Using Hybrid Clouds to Reduce Capex
It may depend on the industry, but we can tell that businesses like operational expenses. They are typically tax-deductible; they are also a place where you can easier cut costs if possible. One of the assets that generate the highest cost for the mainly web-based company is the IT infrastructure. To run your business, you need hardware – servers, network infrastructure and other things.
If you follow “build and maintain your own datacenter” then you have to also build it or adapt it for the role of a datacenter. Redundant power supply, raised floor, precision air conditioning systems, network and power lines, racks, hardware. All of this infrastructure will be a part of capital expenses – it is a huge investment that you can’t easily get rid of should your strategy or cost structure change. Here comes the hybrid cloud – a solution to reduce your CAPEX and allow you to react better to what is happening in your business.
Rent Your Infrastructure
Public cloud providers provide you with the ability to “rent” hardware instead of owning it. For starters, this alone is a change in your organisation’s expense structure. Instead of getting expensive hardware and then amortizing it you can just rent the resources on an as-needed basis. Instead of amortization, you only pay the invoice, and you can deduct all of your costs and reduce taxation.
Pay As You Go Option
Another reason why cloud computing is good for your company is the clarity it brings to the table. Cloud providers charge you on a pay-as-you-go basis – it pretty much means that at any point in time you are aware of what your expenditures are related to the IT infrastructure. This helps you to determine if you happen to use the resources efficiently. In the “maintain your own infrastructure” case, it is not so clear. Sure, you know what you paid for the hardware but is all of it really used? Not really – you have to keep some headroom for dealing with temporary load fluctuations.
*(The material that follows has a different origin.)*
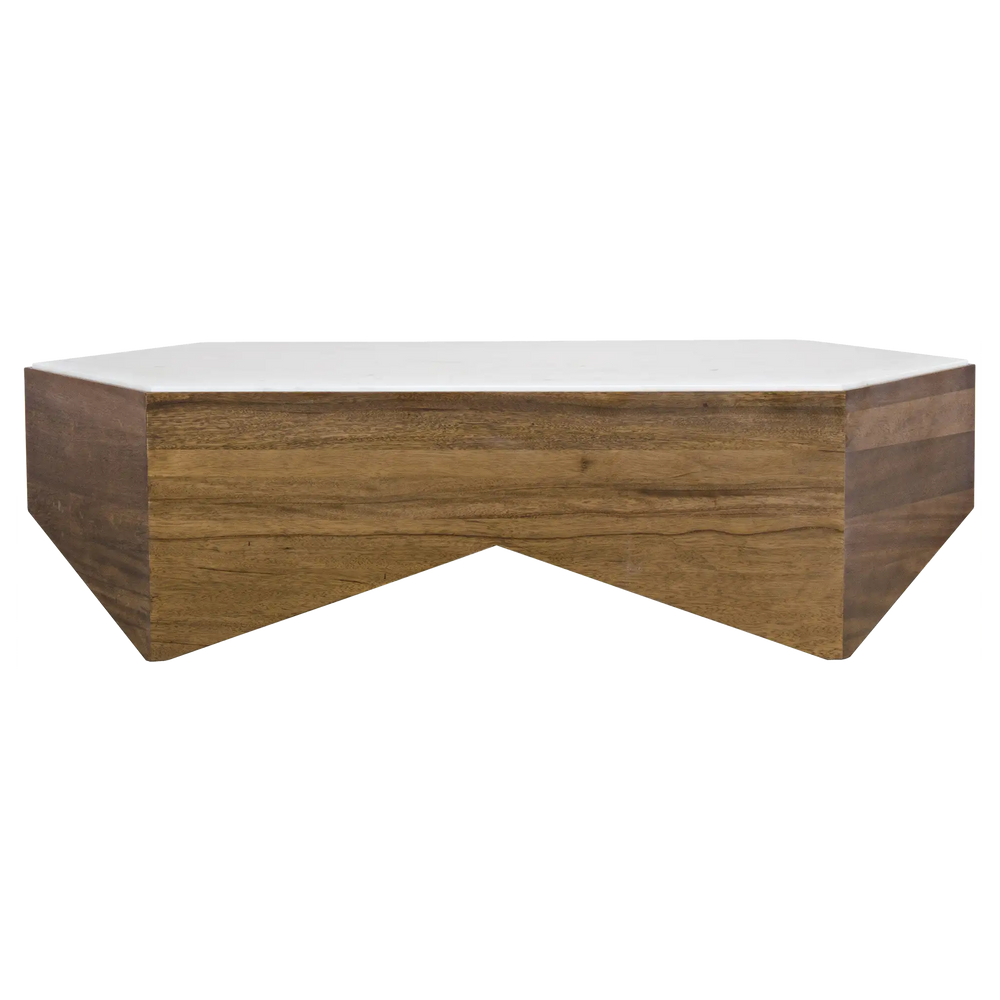 American Home Furniture | Noir - Amsterdam Coffee Table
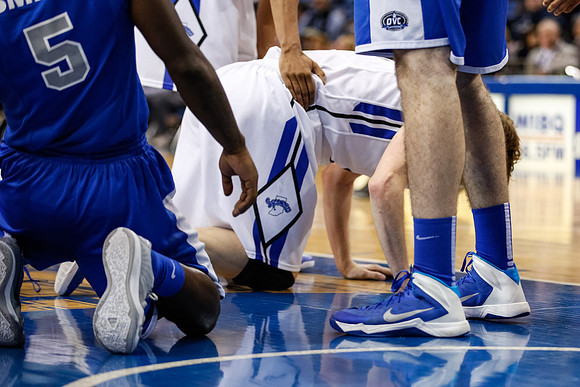 Indiana State University Sycamores vs Eastern Illinois University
Cost and Resource Scalability
Cost-wise, on the one hand, it is good to have a stable cost structure that is predictable, and you can project it in the future. Owning infrastructure helps you with that. On the other hand, those are expenses that you don’t have much control over. What if your business will slow down? Can you easily reduce costs related to your IT infrastructure? Not really. On the other hand, with a hybrid cloud, you can easily scale down the public cloud part of your environment in a matter of seconds. You don’t need the resources? Scale down vertically or horizontally – it’s just a click or a script execution away.
Support and Maintenance
You may also consider using a hybrid approach because infrastructure requires maintenance and staff to watch over it. You need someone to make sure that everything is working properly, someone who’ll manage your network, air conditioning systems, power, security. You need someone who will set up the hardware and install it in your datacenter. Obviously, you have to pay such people and, as long as you have something running in your DC, those people are irreplaceable. You cannot reduce expenses related to them even if your needs are significantly reduced because the business is slowing down. This is not something you can really predict and plan for (has anyone predicted the COVID-19 pandemic, which is still impacting businesses across the globe?). On the other hand, the resources you use in the public cloud are not something you have to worry about. There is maintenance, but it happens under the hood. You can reduce the size of your infrastructure at any moment to any level.
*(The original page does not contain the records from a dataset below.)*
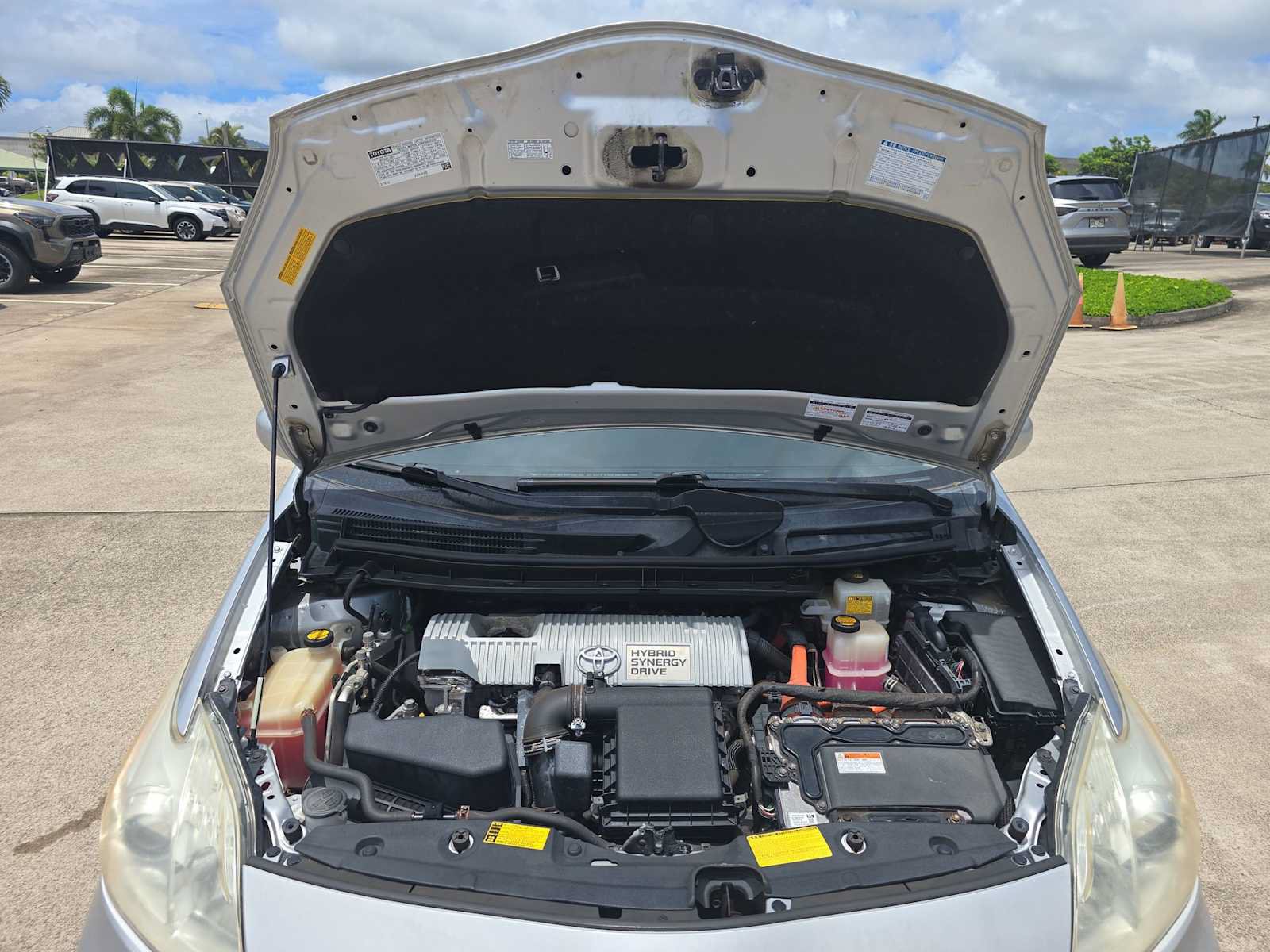 Used 2013 Toyota Prius Two FWD image 18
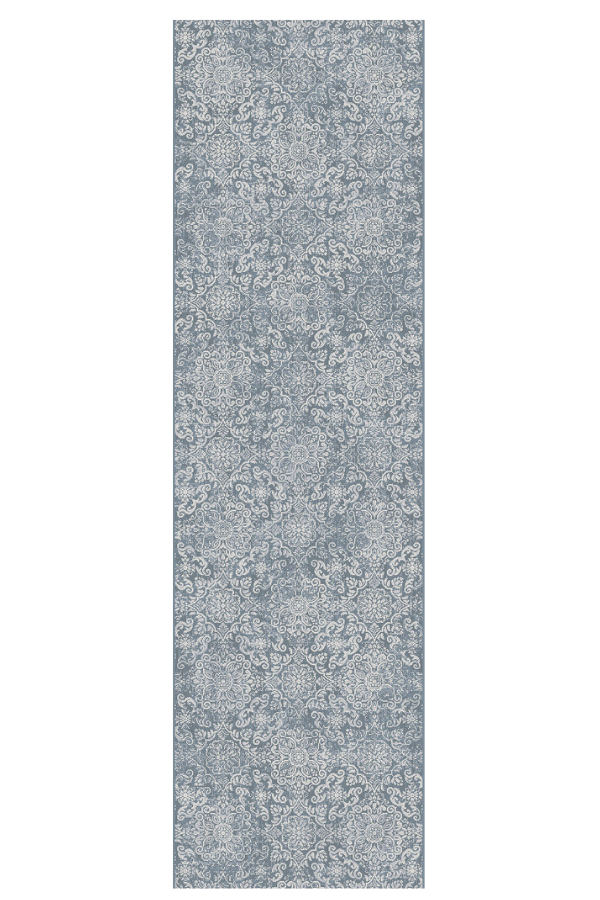 Ancient Garden 57162-4666 Lt.Blue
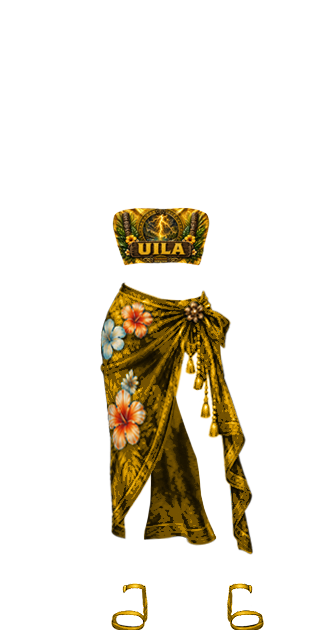 Uila Tribe (F) Skinnisha S2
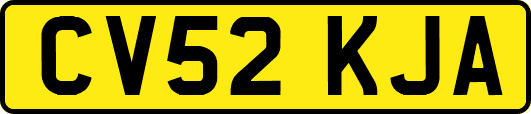 CV52KJA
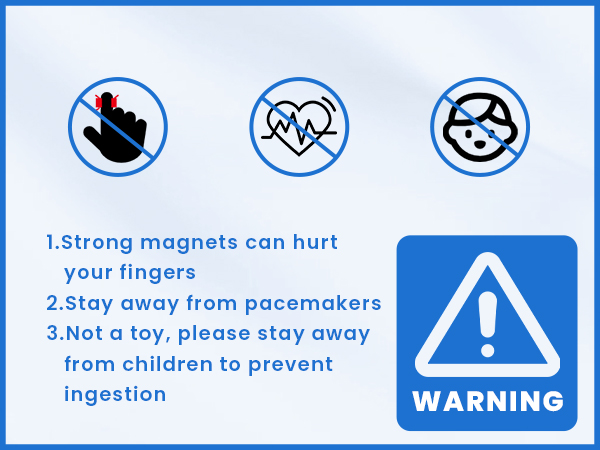 DIYMAG Small Refrigerator Magnets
Experiment with Latest Technologies
On-prem setups, as we mentioned before, maybe a significant investment. You probably want to get the most out of them for as long as it is possible. The problem with the IT world is that it changes very quickly. Hardware changes, solutions change. Top tier hardware that you bought three years ago is no longer top tier anymore. Maybe it would make sense to switch from Intel to AMD or ARM CPUs for your particular workload? Maybe you could use faster networking? This is not something you can easily (and cheaply) change when you have bought a whole batch of hardware a year or two ago. Hybrid cloud helps you to get the most out of the public cloud offerings – if you want to experiment and test some new technologies, it’s just a matter of spinning some instances or starting some services, and you are all set. Migration from one CPU type to another is a matter of starting new instances. Obviously, it’s also involved with the whole migration process, but that’s another story – you have to perform it as well if you do the migration in your own datacenter. Another difference is in the public cloud; after successful migration, you just destroy old, not used instances, and you are all set. In the “own datacenter” scenario, you end up with a pile of hardware you have paid for, but you are not using anymore.
What’s also very important, this is not just an accountant trick – it significantly impacts how your business can operate. An ability to quickly add hardware resources and scale up to match the demand is a huge change. Originally, you had to maintain an unused pool of resources to accommodate spikes in the load. It is not really possible to add the resources in close-to-real time if you own your data center (unless you have spare servers lying somewhere and gathering the dust, but that’s not the most efficient way of utilizing resources). You have to order the hardware, wait for it to be delivered, configure it and set it up. With a public cloud all you need to have is a set of scripts that will be able to provision the software in the way you want – that’s all. Hardware, typically, will be available in a matter of minutes. This is a huge game-changer that allows your business to operate quicker and more efficiently than before – this can help your organization create a business advantage.